Given information »
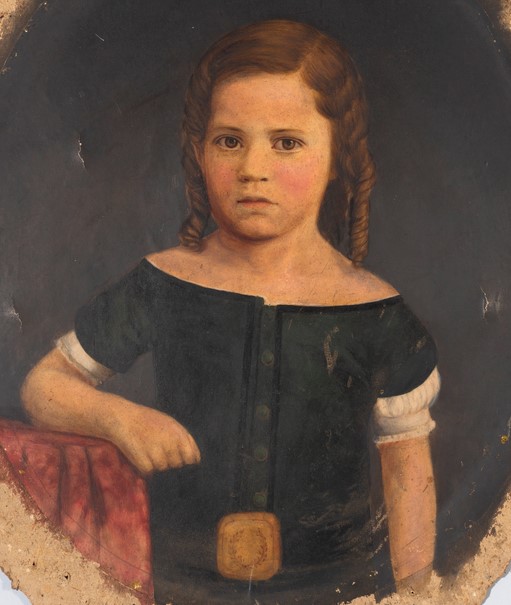 Oil painting of a child with ringlet curls. The subject, situated in a dark, opaque background, leans against a red drapery. The figure wears a green button-down shirt with white short sleeves. A yellow square buckle with the image of a laurel is at the bottom, center of the shirt.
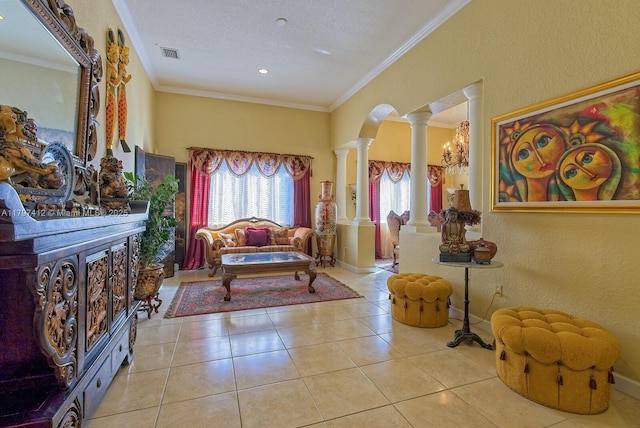 living area with crown molding, ornate columns, visible vents, and tile patterned flooring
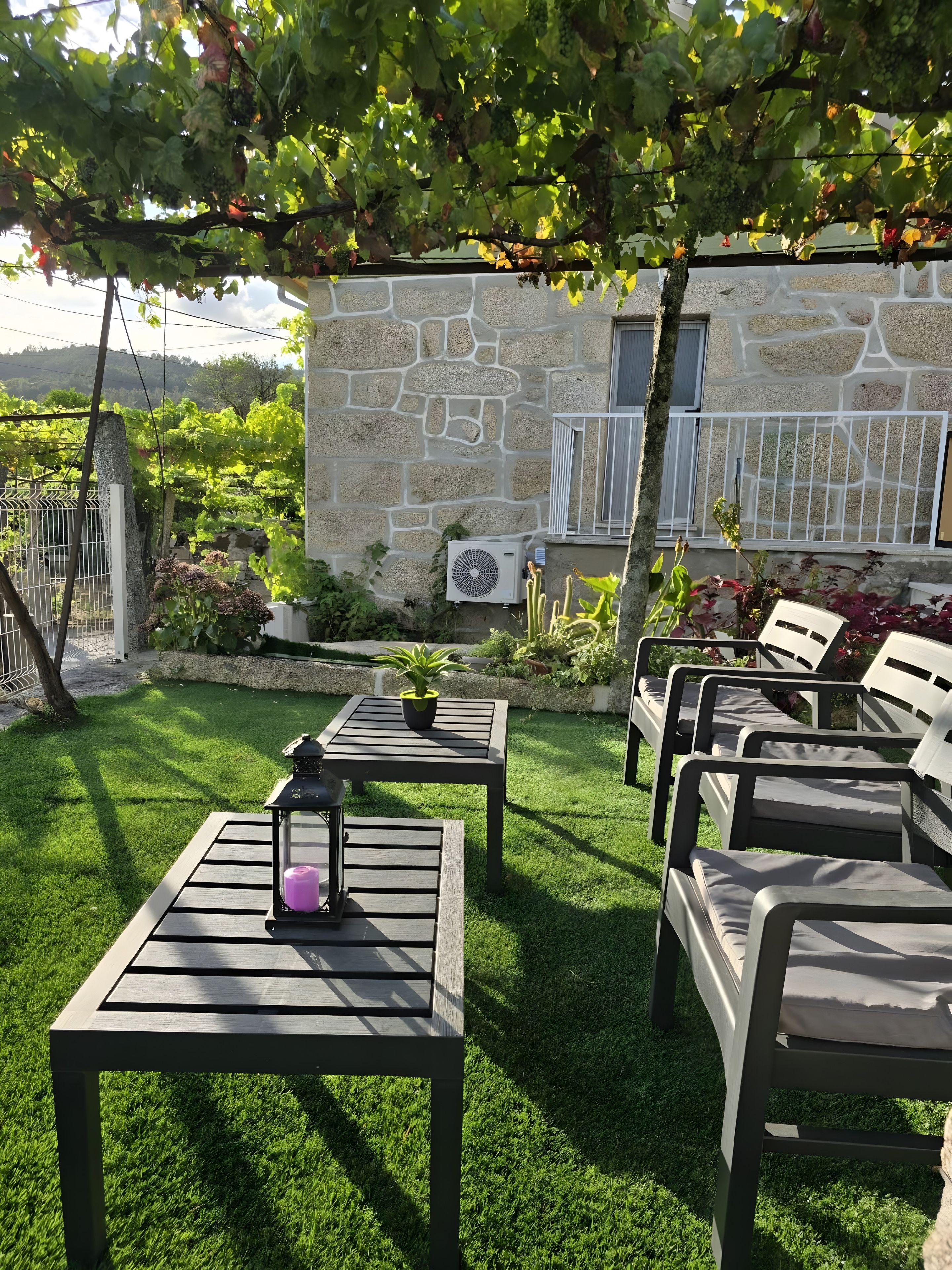 An outdoor seating area with tables and chairs, a stone wall, and a view of a vineyard.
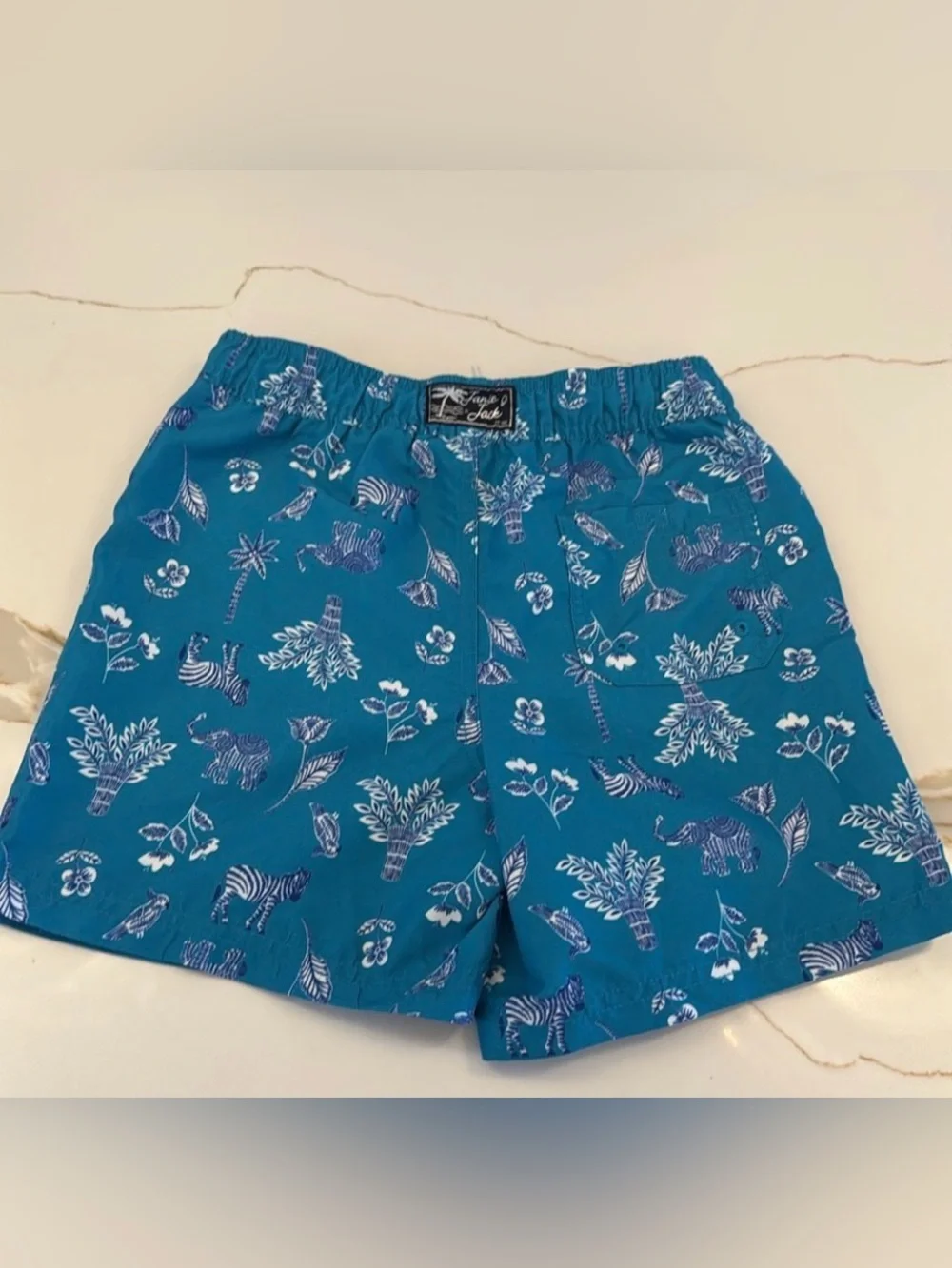 Janie and Jack Teal World Love Swim Trunks with Animal Print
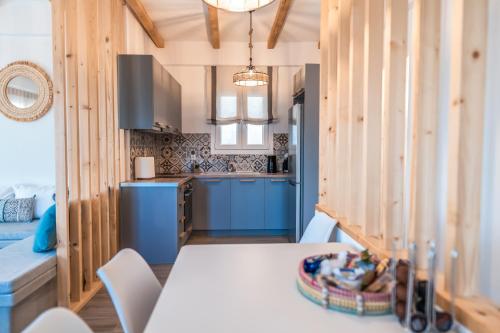 cocina con paredes de madera, mesa y sillas en Epithea Suites Kythnos 5 με ιδιωτική πισίνα en Kíthnos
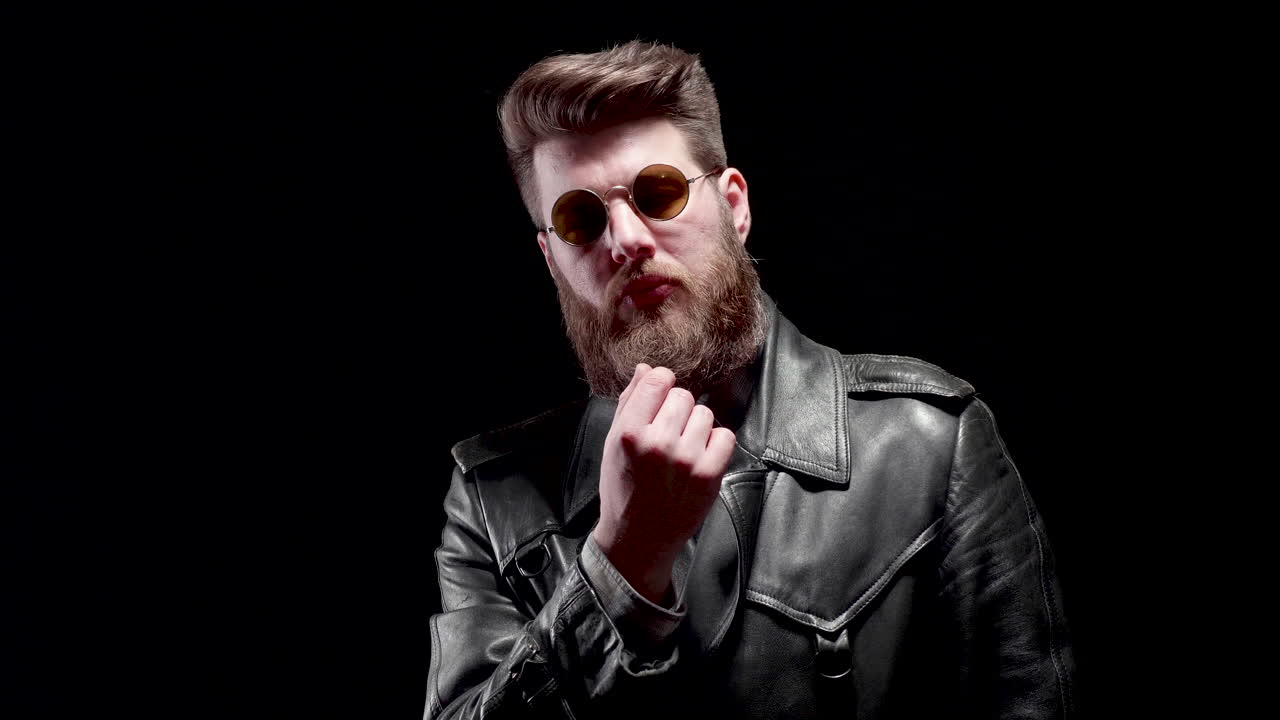 Man with beard and sunglasses in leather jacket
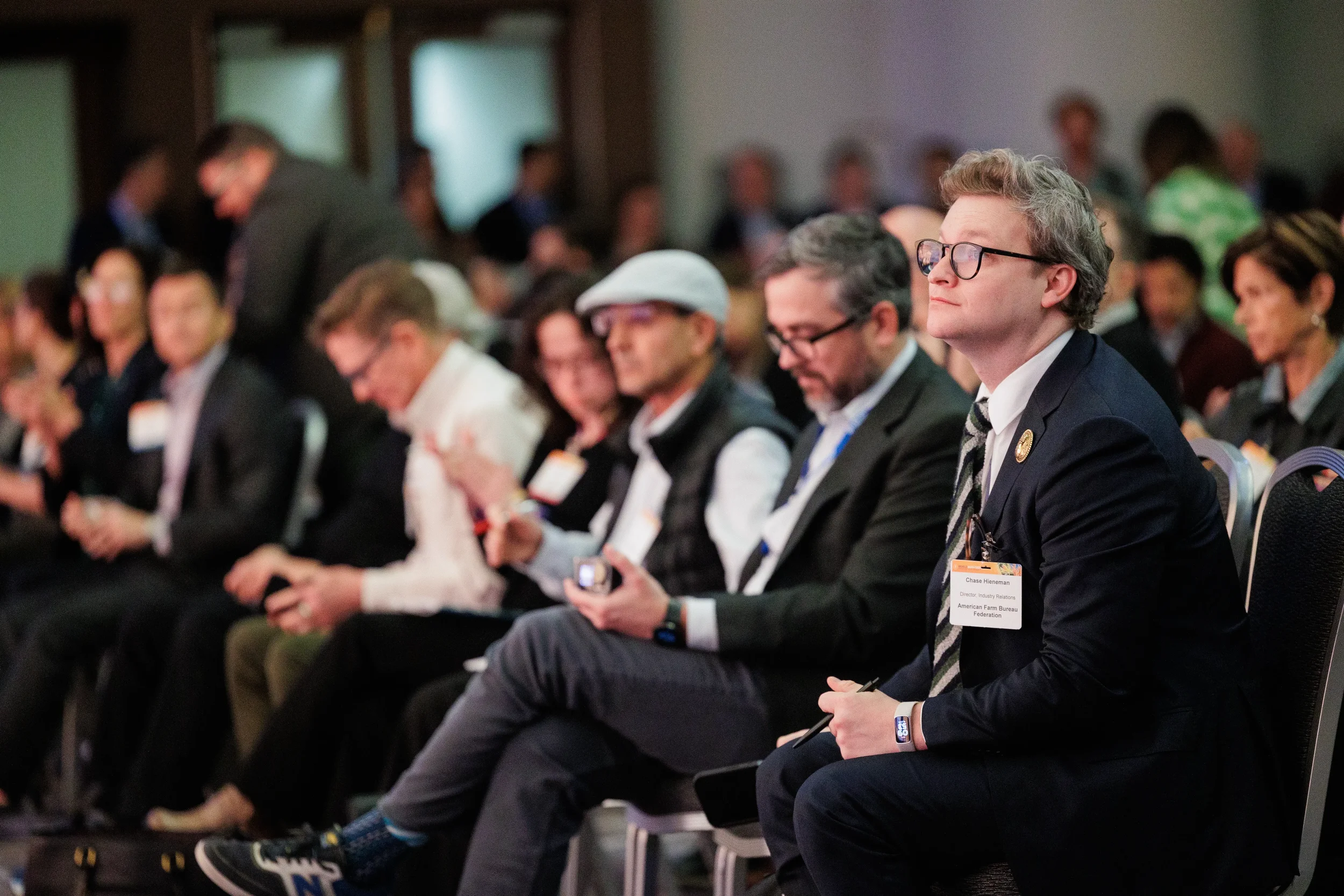 Row of badged attendees seated and listening attentively during session at Chicago corporate conference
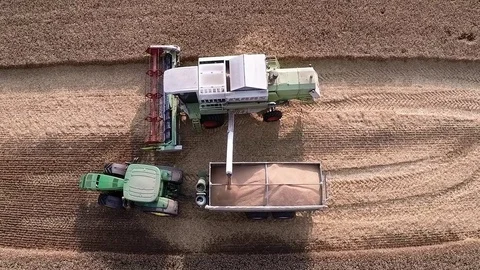 Aerial View of Combine Unloading Grain into Tractor During Harvest 2026 Stock Footage 81263702
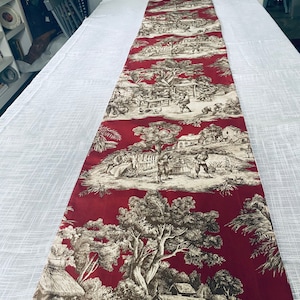 May include: A red table runner with a white background featuring a repeating pattern of black and white stylized trees, houses, and figures. The pattern is reminiscent of a toile design.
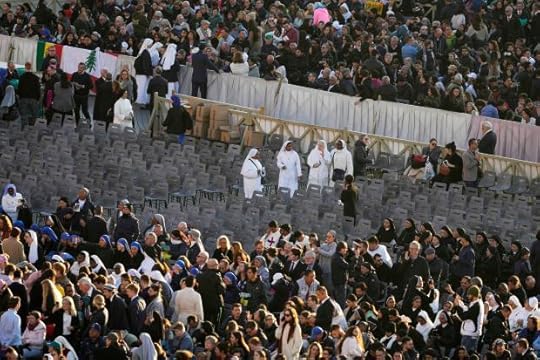 Nuns and other pilgrims look for their seats in St. Peter's Square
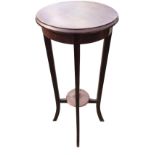 A circular late Victorian mahogany jardiniere stand, the moulded top on tapering rectangular legs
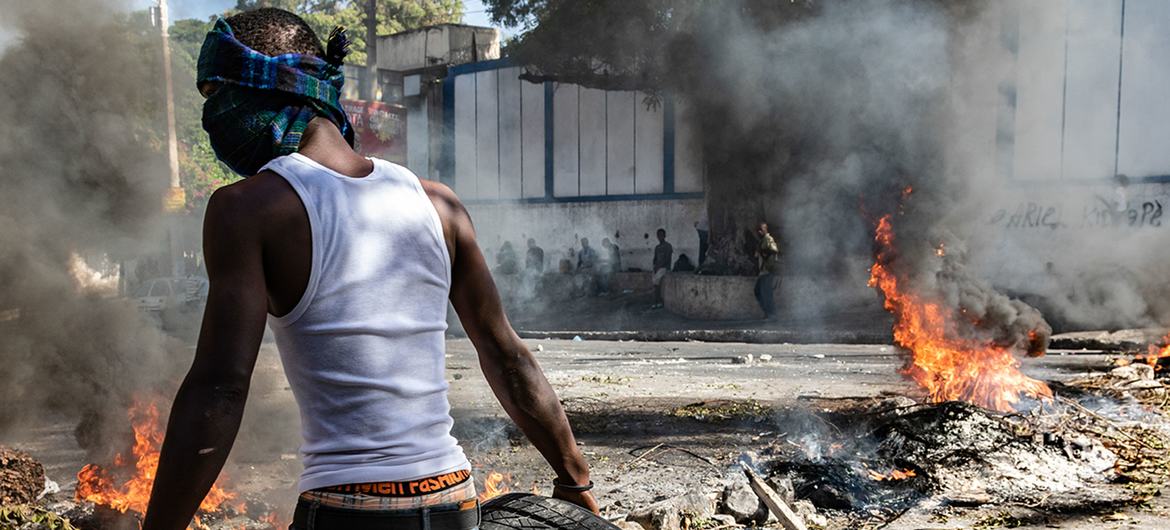 People protest on the streets of Port-au-Prince in crisis-torn Haiti.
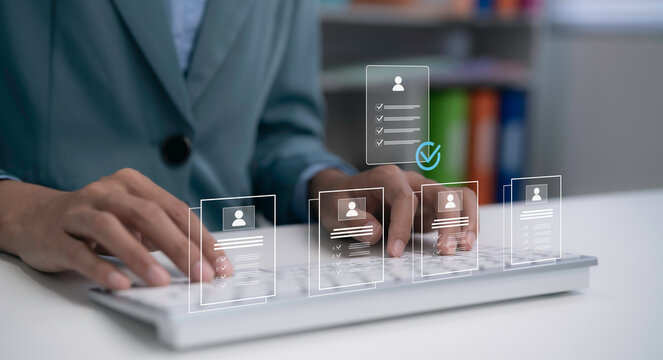 Businesswoman typing on keyboard with digital HR interface showing candidate profiles and checklist verification. Recruitment technology, employee selection, hiring process and HR management system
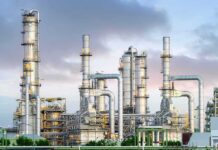 Industrial plant with metal towers and pipes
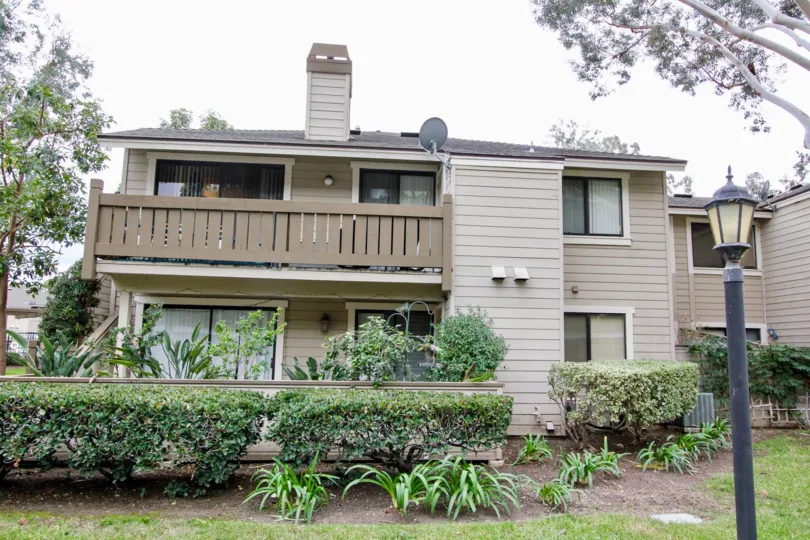 A front view of an elegant bunglow with a large balcony and a garden inside Kellogg Terrace community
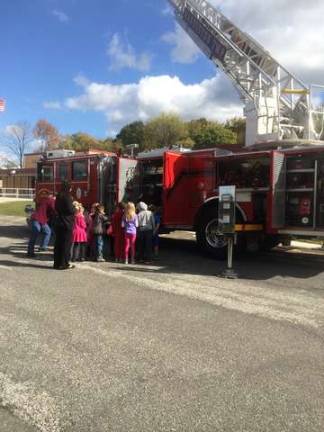 Amanda Bonney and her first-grade class learn what a ladder truck has and does.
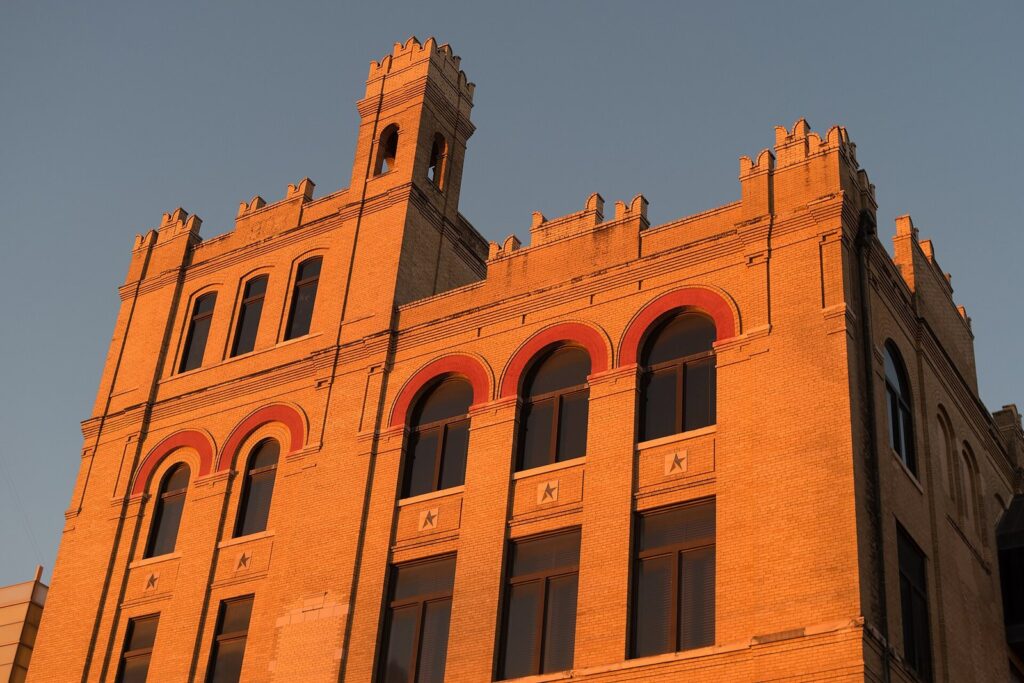 The castle-like red-brick towers of the former Lone Star Brewery, now the San Antonio Museum of Art, glowing in late sun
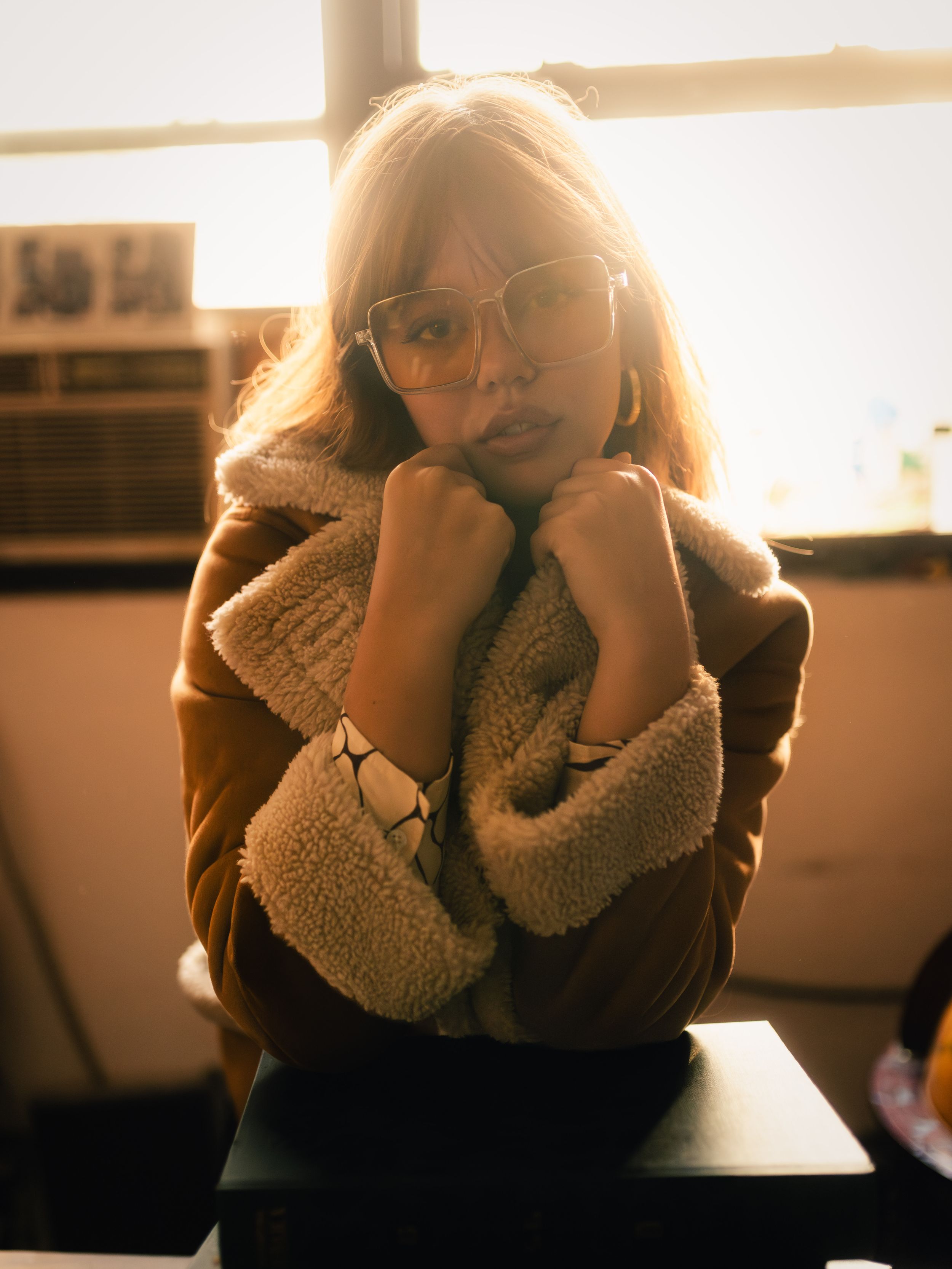 Young woman in brown shearling jacket and glasses poses indoors in warm golden backlight.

Your objective » Retyped exactly, the lines from the one holding "Businesswoman typing on" through the last line of the data above are the whole answer. Pictures stay out.

Result for this task »
 Businesswoman typing on keyboard with digital HR interface showing candidate profiles and checklist verification. Recruitment technology, employee selection, hiring process and HR management system
 Industrial plant with metal towers and pipes
 A front view of an elegant bunglow with a large balcony and a garden inside Kellogg Terrace community
 Amanda Bonney and her first-grade class learn what a ladder truck has and does.
 The castle-like red-brick towers of the former Lone Star Brewery, now the San Antonio Museum of Art, glowing in late sun
 Young woman in brown shearling jacket and glasses poses indoors in warm golden backlight.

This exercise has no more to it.